Un tesoretto da 10,4 miliardi
Secondo lo studio della Uil i costi della politica, diretti e indiretti, ammontano a circa 23,9 miliardi di euro. Per il funzionamento degli organi istituzionali si spendono 6,4 miliardi di euro, le consulenze e il funzionamento organi delle società partecipate 4,6 miliardi di euro, per altre spese (auto blu, personale di “fiducia politico” ecc) 5,8 miliardi di euro, per il sistema istituzionale 7,1 miliardi di euro. La somma che equivale al 11,5% del gettito Irpef pari a 772 euro medi annui per contribuente.

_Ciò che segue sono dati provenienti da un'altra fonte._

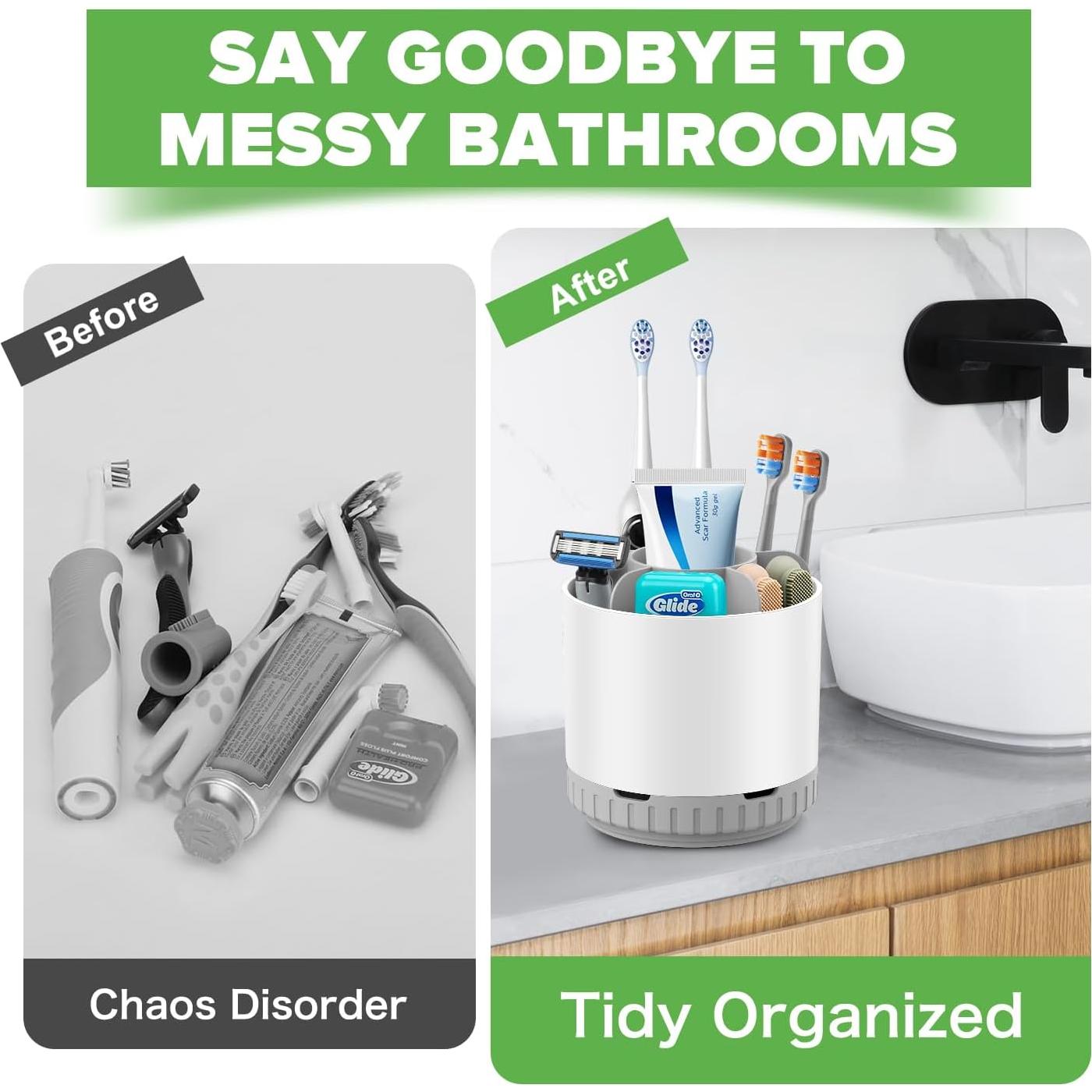 Soporte Rotatorio Blanco para Cepillos de Dientes GFWARE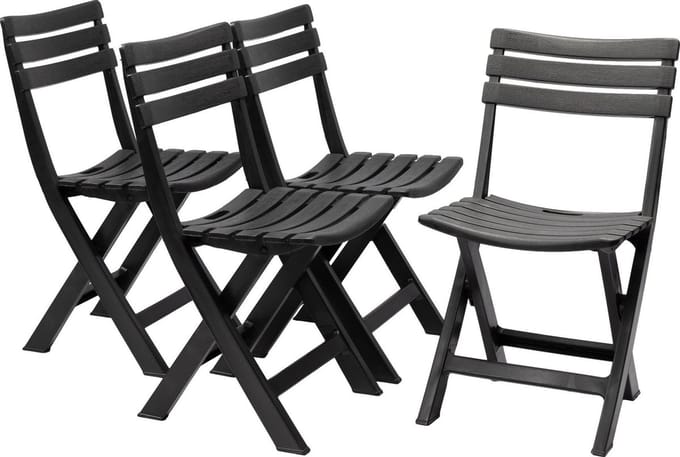 MaxxGarden Tuinstoel - klapstoel camping 41cm - 4 stuks - zwart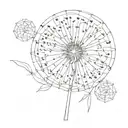 dandelion flower inside geometric shape  tattoo design idea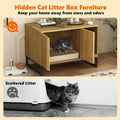 Modern Cat Box Enclosure Furniture Hidden Box with Scratch Pad Entryway Bench End Table Pet Bed for Cats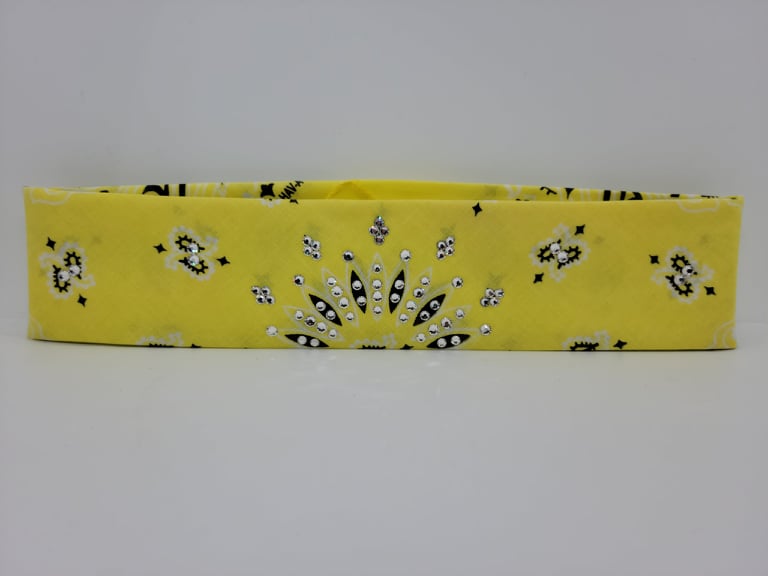 Narrow Bargain Bright Yellow Paisley with Diamond Clear Crystals (Sku8049)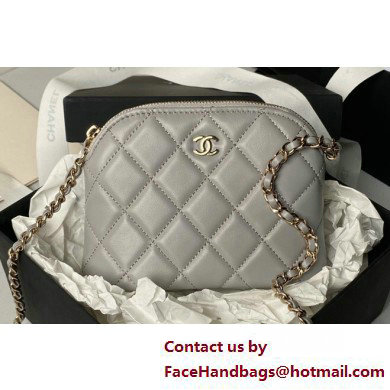 Chanel Lambskin & Gold-Tone Metal Clutch with Chain Bag AP4000 Gray 2025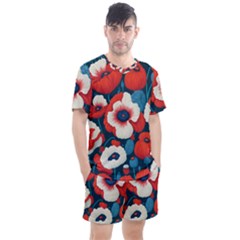 Red Poppies Flowers Art Nature Pattern Men s Mesh T-shirt And Shorts Set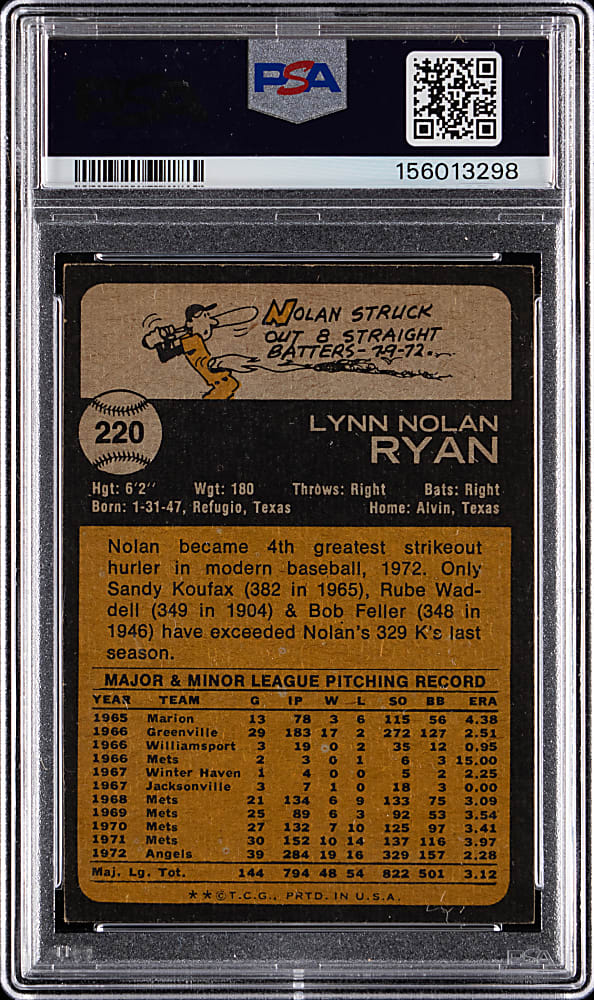 Signed 1973 Topps #220 Nolan Ryan PSA/DNA Authentic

La Uil quantifica in almeno 7,1 miliardi di euro i risparmi possibili con “una riforma per ammodernare e rendere più efficiente il nostro sistema istituzionale”. Tra le proposte, l’accorpamento “degli oltre 7.400 comuni al di sotto dei 15 mila abitanti”, con un risparmio di circa 3,2 miliardi. Se le Province “si limitassero a spendere risorse soltanto per i compiti attribuiti dalla Legge”, il risparmio sarebbe di 1,2 miliardi. “Con una più ‘sobria’ gestione del funzionamento degli uffici regionali”, si potrebbero risparmiare 1,5 miliardi di euro mentre 1,2 miliardi di euro l’anno potrebbero arrivare da una razionalizzazione del funzionamento dello Stato centrale. Aggiungendo a questi, una riduzione del 30% dei costi di funzionamento delle istituzioni si potrebbe arrivare a 10,4 miliardi di risparmi annui.